With the BJP opposing dynastic politics, giving a ticket to state unit chief B S Yeddyurappa’s son to contest the Assembly polls would have “robbed” the party of its ammunition in fighting against it, BJP general secretary Muralidhar Rao said today. Rao said he was confident that Karnataka would vote in the party’s favour in the May 12 Assembly polls. Achieving the target of 150 seats in the 224-member assembly would “not be a difficult task”, he told PTI. Rao said the party was fighting against dynastic politics. “…it is not that we have not given ticket to anybody (father, son), but giving it to one of the senior leaders and his son or daughter is different, and giving ticket to Yeddyurappa (son) is different,” he said. He said during one of the party sessions, Yeddyurappa thought it “would rob the BJP of its ammunition in its fight against dynasty politics”.
Rao said the “two plus one” formula has been adopted by Chief Minister Siddaramaiah, who is contesting from two constituencies Badami and Chamundeshwari, and his son Yatindra from the Varuna Assembly segment. “To counter this Yeddyurappa felt this is a small sacrifice. Yeddyurappa’s thinking and BJP’s thinking both have converged,” Rao said.
In a last minute move before the deadline for filing of nomination papers, Yeddyurappa on April 23 had announced that his son Vijayendra would not contest from Varuna and instead an ordinary party worker would be fielded against Yatindra. This move had led to a large-scale protest by party workers as Vijayendra was campaigning in Varuna projecting himself as the candidate.
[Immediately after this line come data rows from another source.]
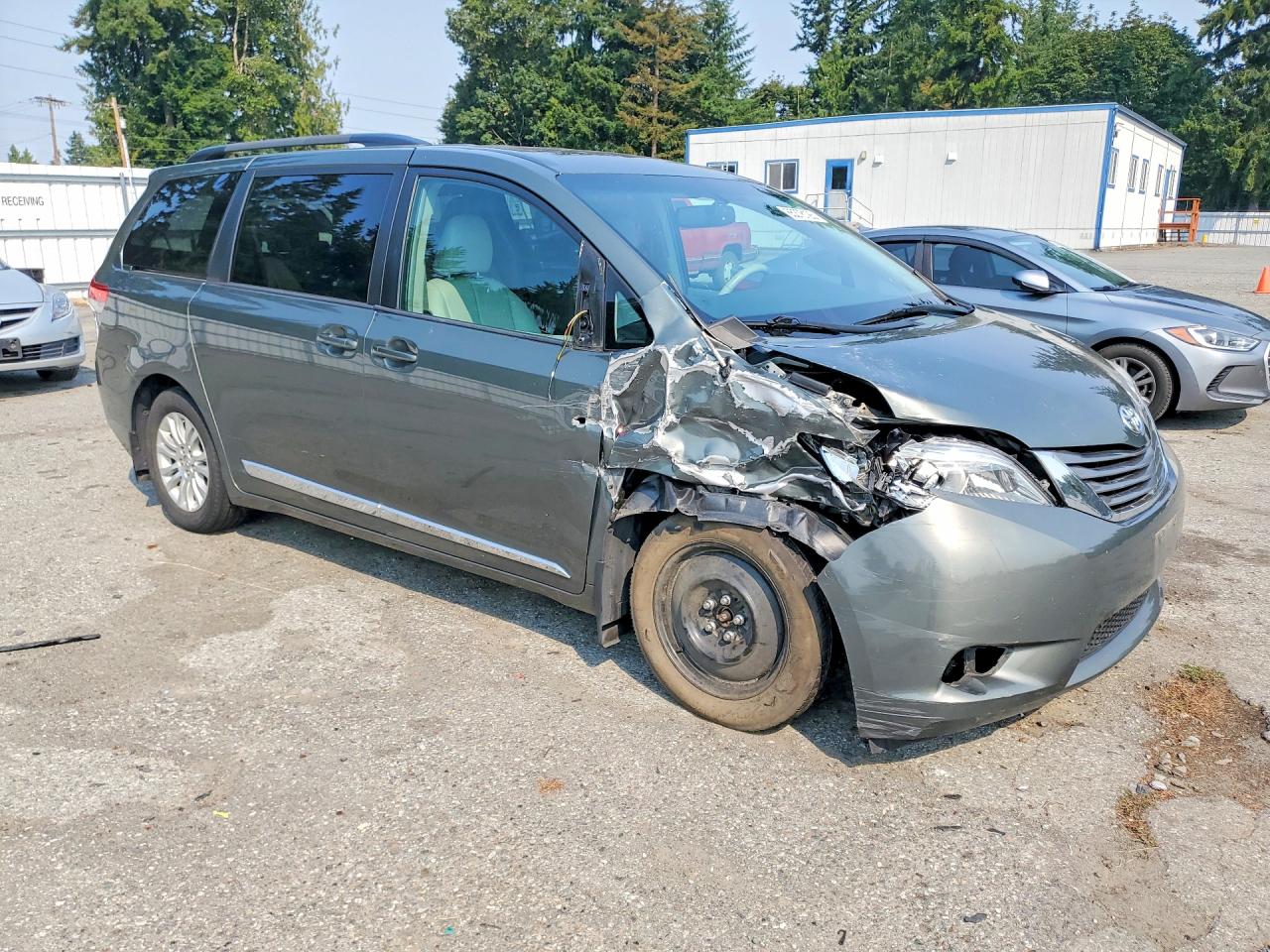 2013 Toyota Sienna Xle 8-passenger Green vin: 5TDYK3DC5DS300154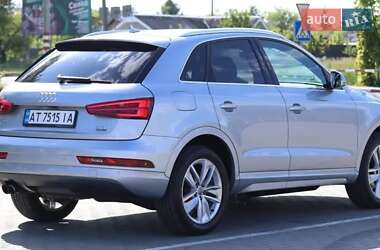 Позашляховик / Кросовер Audi Q3 2016 в 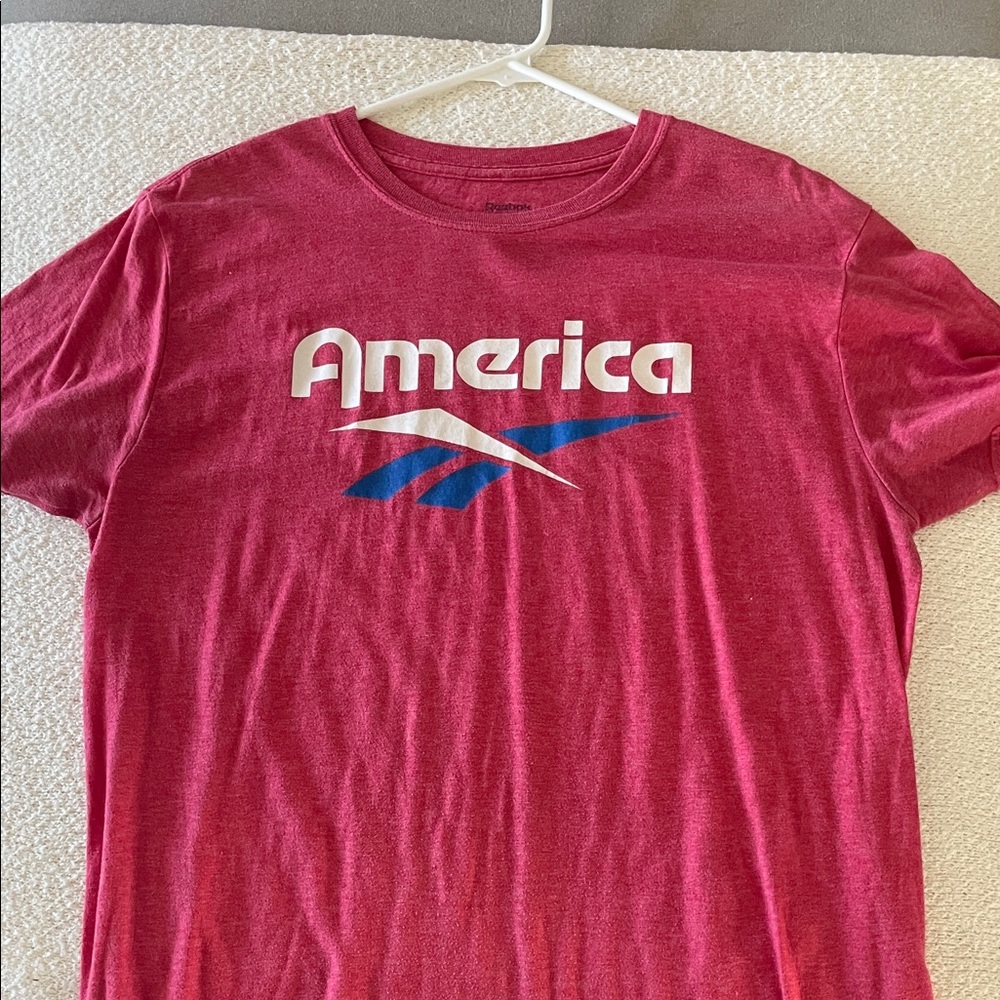 Reebok Men's Red 'America' Tee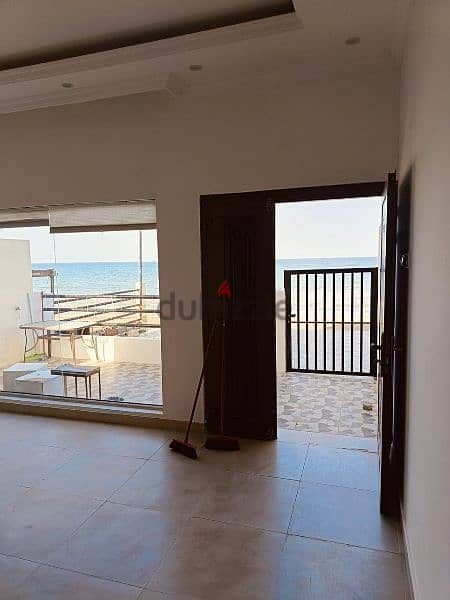 Luxury villa for rent in Sohar with direct sea view 11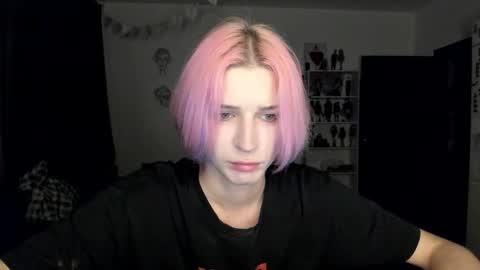 kira online show from October 18, 2025, 9:48 pm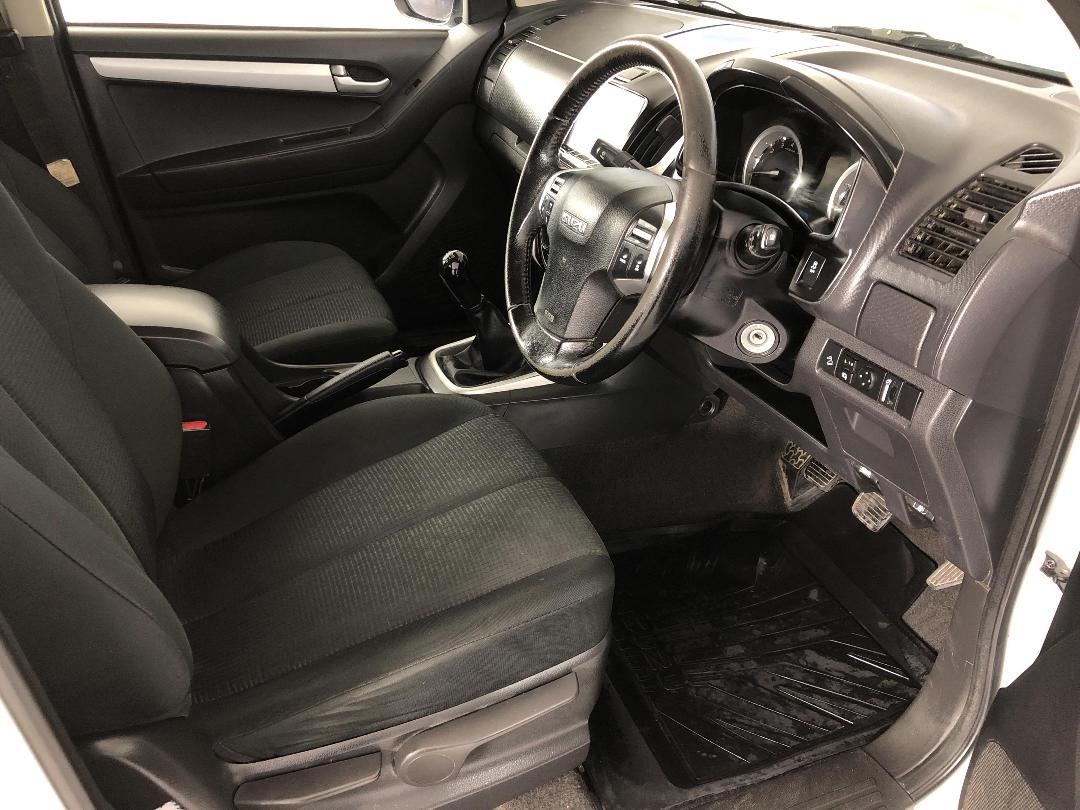 Photo '16' of Isuzu D-MAX Photo '16' of Isuzu D-MAX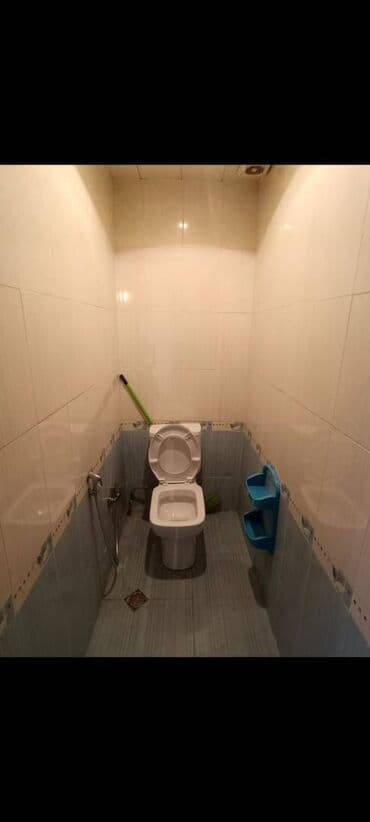 kirayə ev ayliq: Xətai metrosunun çıxışında 13 mertebeli binanın 3-cü mərtəbəsində — 7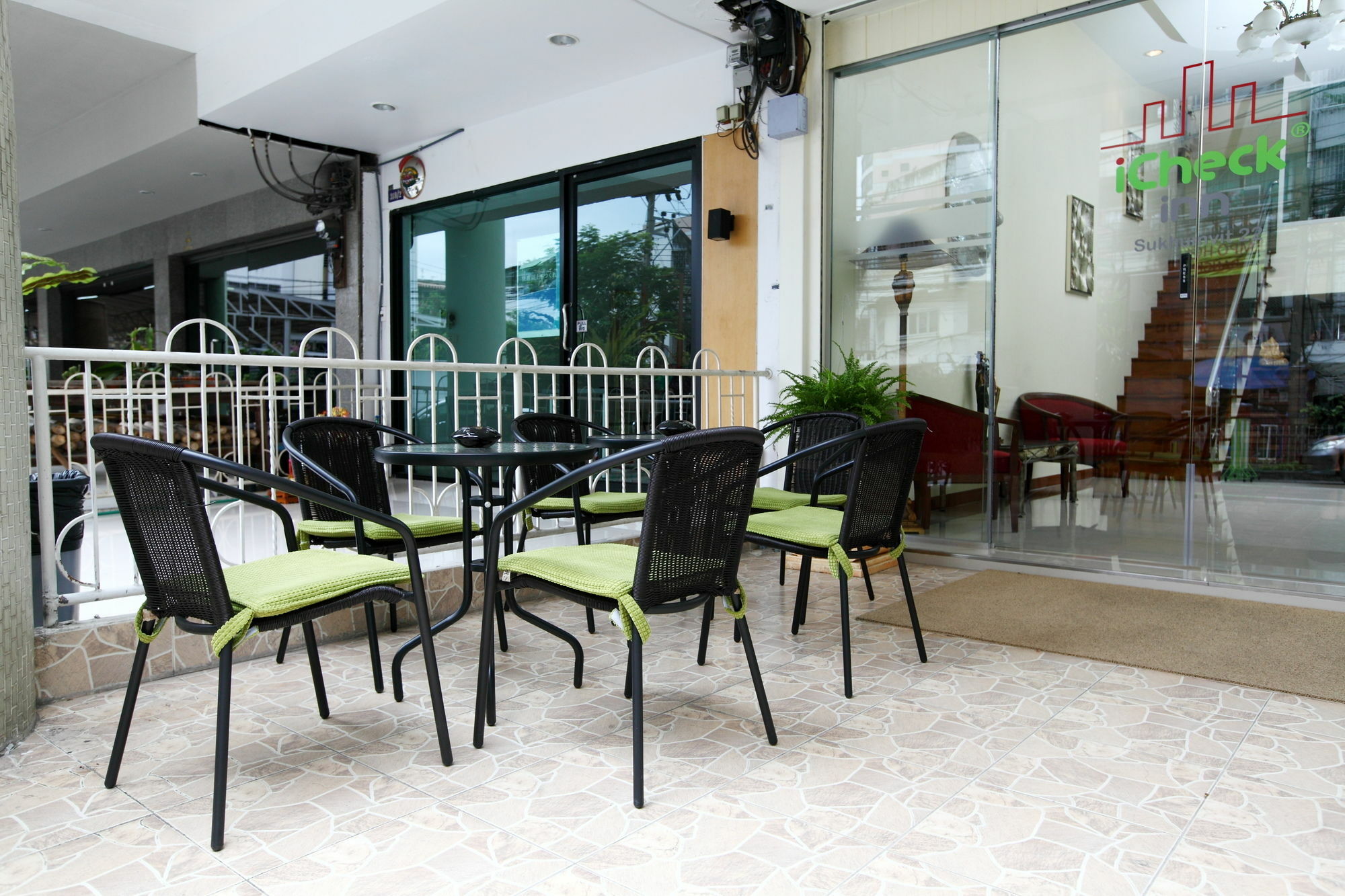 Icheck Inn Sukhumvit 22 Banguecoque Exterior foto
Asked whether the party denied the ticket for Vijayendra or he withdrew himself, Rao said “it was both ways”. Rao claimed public anger against the Congress government has become increasingly visible due to the Siddaramaiah government’s “failure” on all fronts in the last five years. “… there is no motivation among its workers…it is definitely working in BJP’s advantage,” he said. He said the Congress had followed a negative campaign and claimed that there were divisions within the Congress.
The BJP has been able to address its internal issues and it was helping the party, Rao said. Asked about tickets given to tainted mining baron Janardhan Reddy’s brothers and those from his camp, he said both Karunakara Reddy and Somashekhar Reddy have been working for the party at the grassroot level. “Giving them ticket has no direct or indirect link to their brother,” the BJP leader said.
Asked if the party would dissociate from Janardhan Reddy, who has been campaigning for a few party candidates, he said, “His association with the party is not there, so there is no need for dissociation when association is not there.” The BJP has publicly distanced itself from Janardhan Reddy, with party chief Amit Shah recently saying it has nothing to do with him. Rao said the Siddaramaiah government’s decision to recommend religious minority status for the dominant Lingayat and Veerashaiva Lingayat community would have an impact during the Assembly election in the BJP’s favour.
Claiming that the community understood that the move was a “divide and rule policy” of the Congress government, he said, “They know Congress is not interested in anything other than to make it an election issue, so they have played this strategy….” “Lingayat or any others, most of them will not vote for Congress,” he said. Not willing to accept the theory that there may be a hung assembly in the state, Rao said people would give his party the “absolute majority”. Suggesting that giving vote to the JDS meant indirectly supporting the Congress, he said, “So it is a political status quo (if vote for JDS. I don’t think people will give vote for continuity. There is need for change and change means BJP.”
On the Siddaramaiah government’s portrayal of the Narendra Modi-led NDA government as anti-regional pride, Rao said “When has Congress started representing regional pride?” and hit out at the party, saying “Rahul Gandhi did not know the Congress’ history nor the country’s”. Pointing out that the Congress had “disappeared” from most parts of south India, he asked, “When did south Indian people start thinking of the Congress as their saviour?”